[Records excerpted from a collection]
⁂

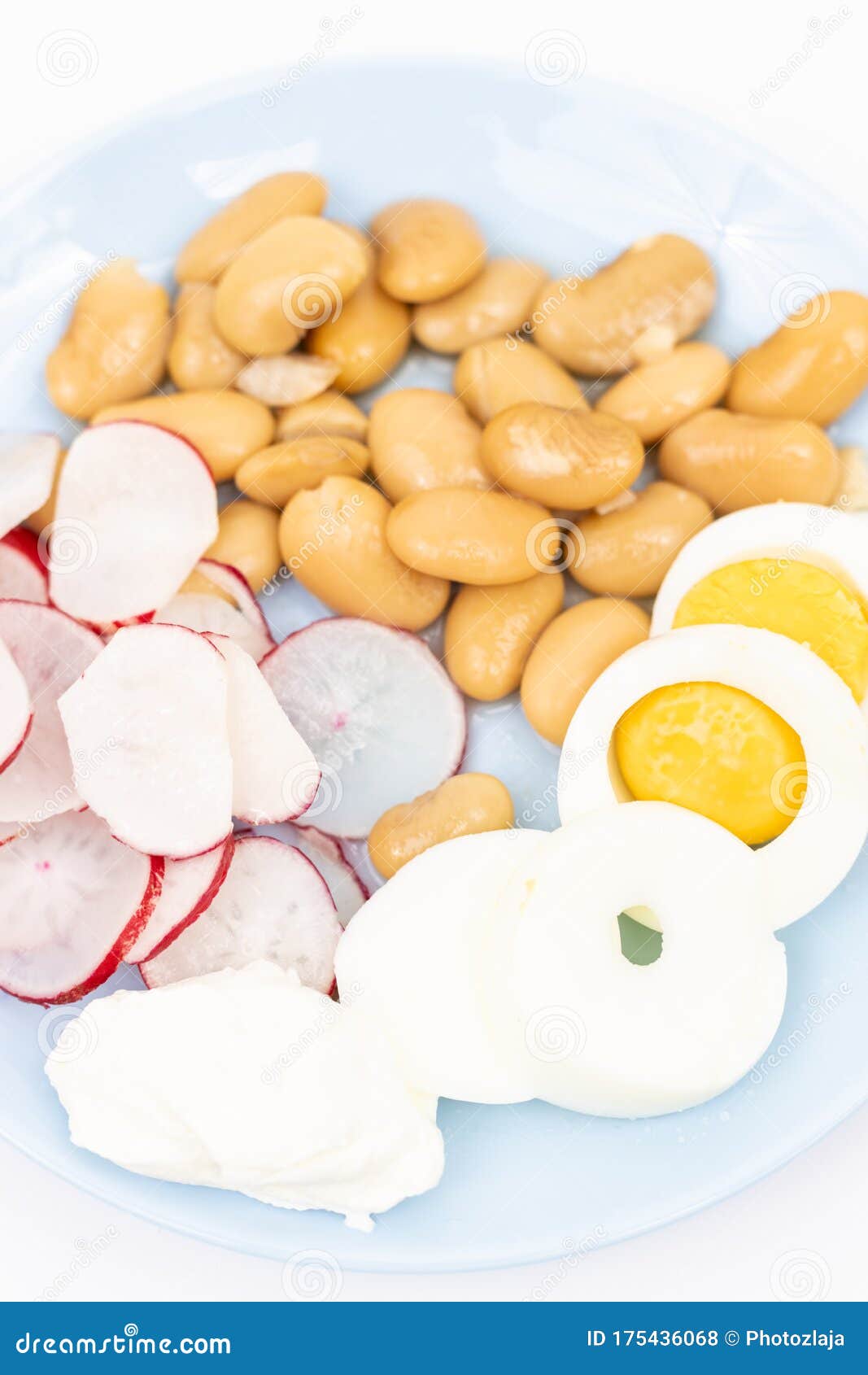 Salad with Sliced Boiled Eggs, Cooked Beans, Sliced Radishes and Sour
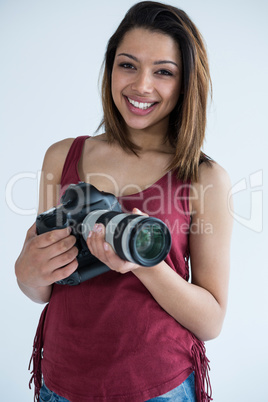 Happy female photographer standing in studio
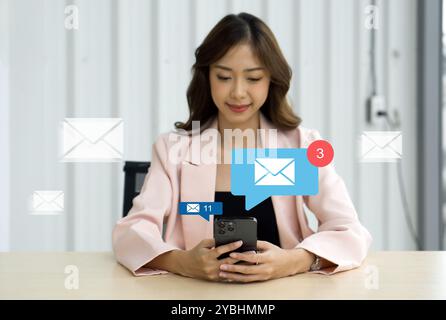 Femme d'affaires en costume rose assis au bureau dans le bureau, tapant sur le téléphone portable. Affichage des icônes d'e-mail et des notifications. Banque D'Images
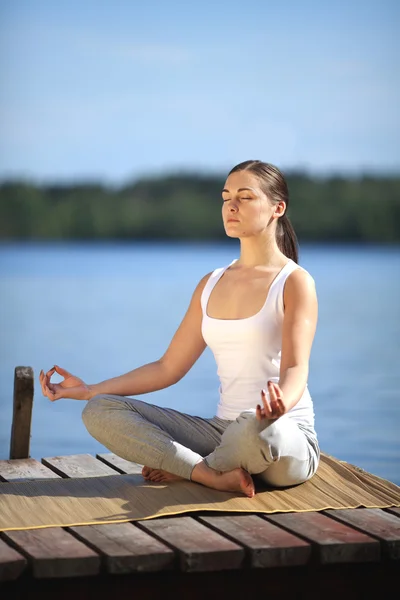 Bella ragazza formazione yoga vicino a un lago — Foto Stock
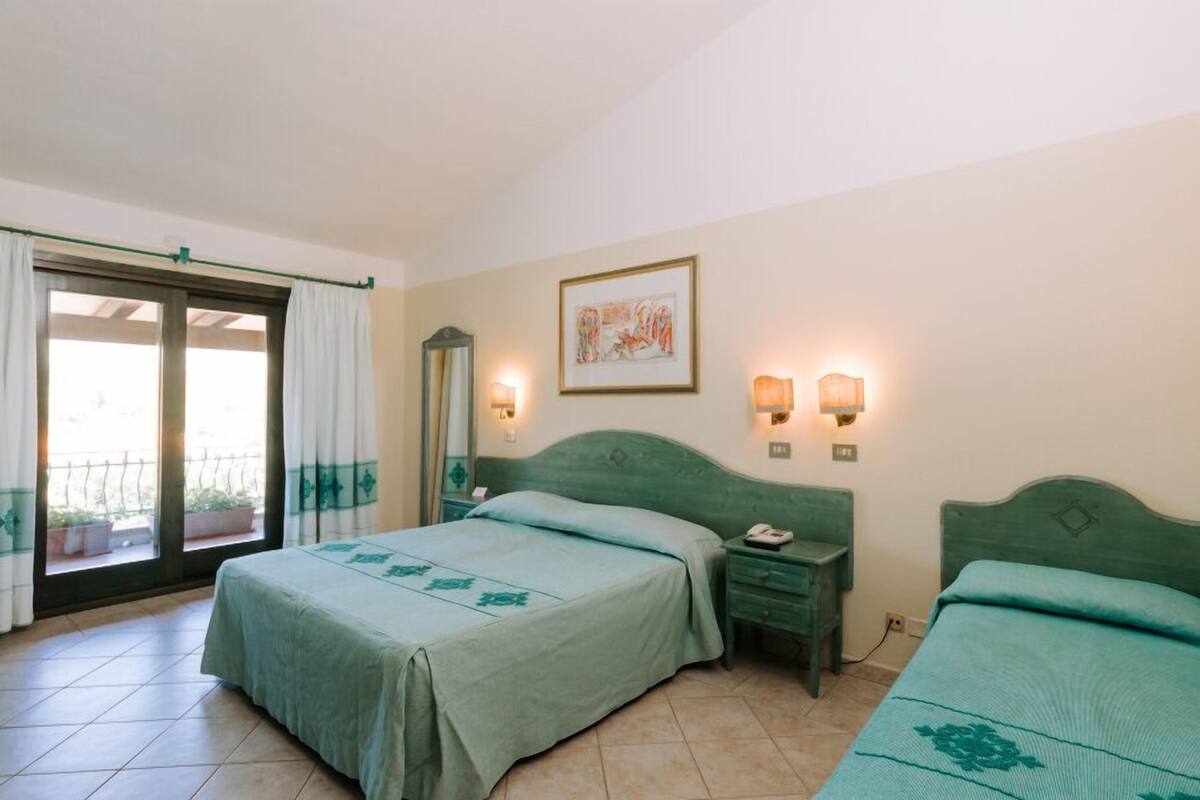 A hotel room with a bed, a nightstand, a mirror, and a window with curtains.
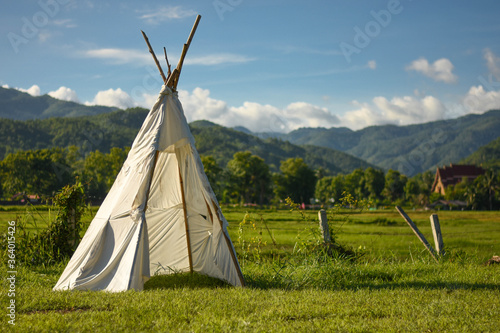 White tent in the sunset overlooking mountains and nature background. © Jakkapong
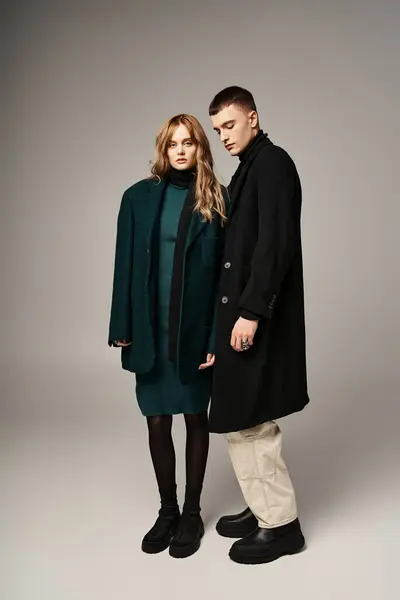 Good looking man in coat posing lovingly next to his beautiful girlfriend who looking at camera — Stock Photo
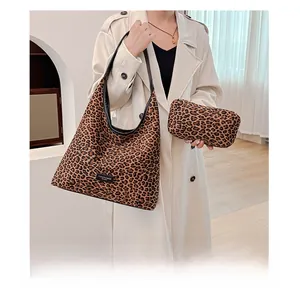 Detailed view of leopard print tote bag set with matching zipper pouch and black handles
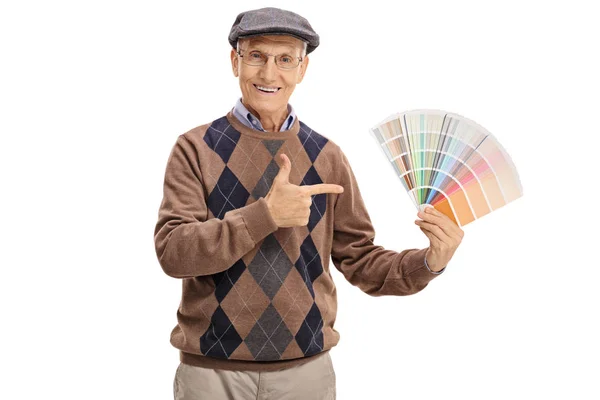 Senior tenant un échantillon de couleur et pointant — Photo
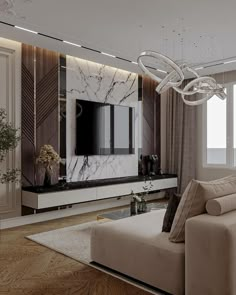 a living room with a couch, television and chandelier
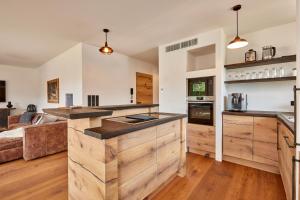 a kitchen with white walls and wooden countertops at Sunshine Apartment Wood'n Rustic in Garmisch-Partenkirchen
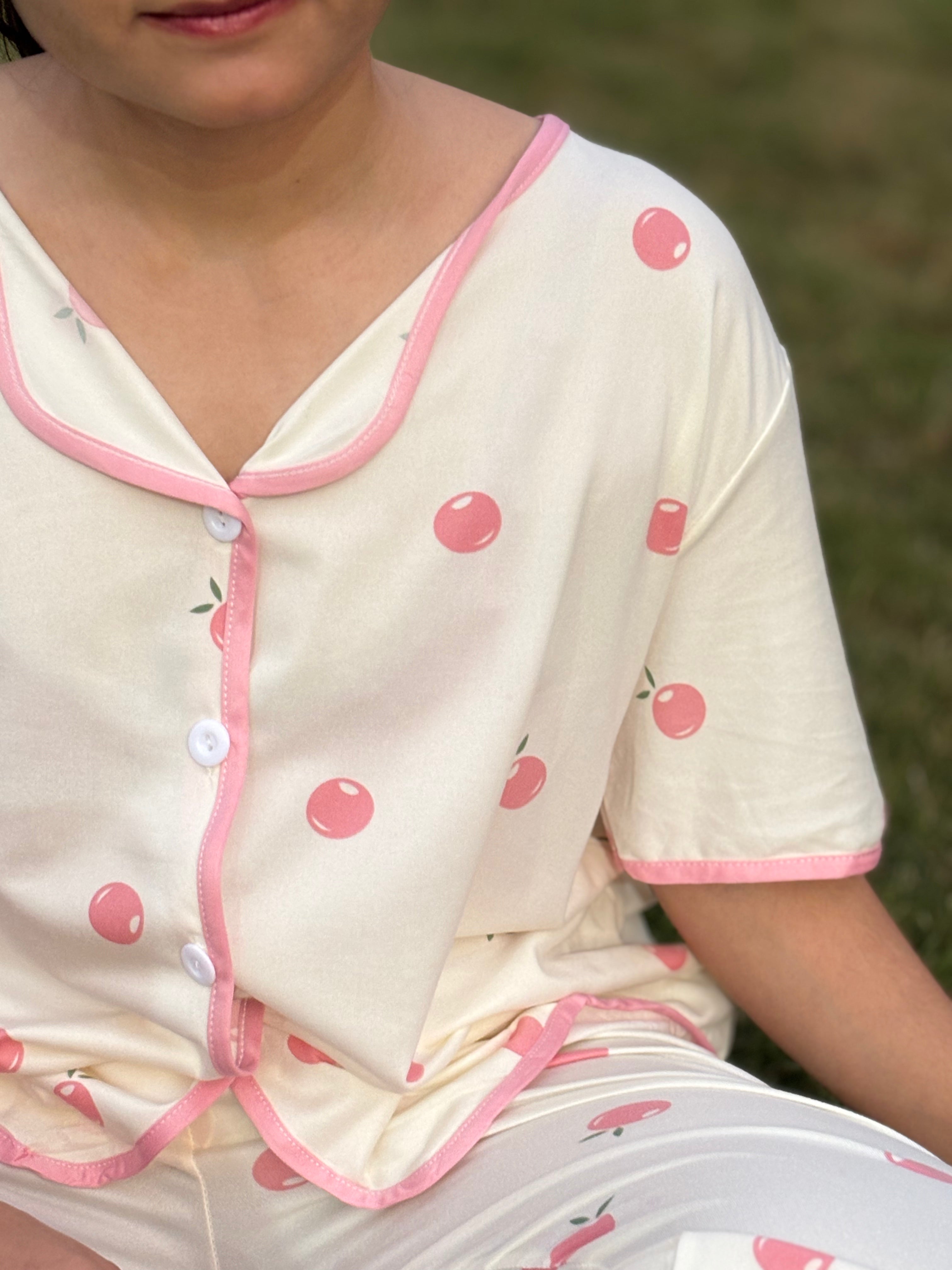 Girl wearing cream pajamas with pink cherry print and pink trim, sitting outdoors on grass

⁂

WHAT THE TASK ASKS:
Text only, no pictures: please print exactly the lines above from the line with "Bella ragazza formazione" up to and including the line with "Good looking man", and nothing else.

EXERCISE RESPONSE:
 Bella ragazza formazione yoga vicino a un lago — Foto Stock
 A hotel room with a bed, a nightstand, a mirror, and a window with curtains.
 White tent in the sunset overlooking mountains and nature background. © Jakkapong
 Good looking man in coat posing lovingly next to his beautiful girlfriend who looking at camera — Stock Photo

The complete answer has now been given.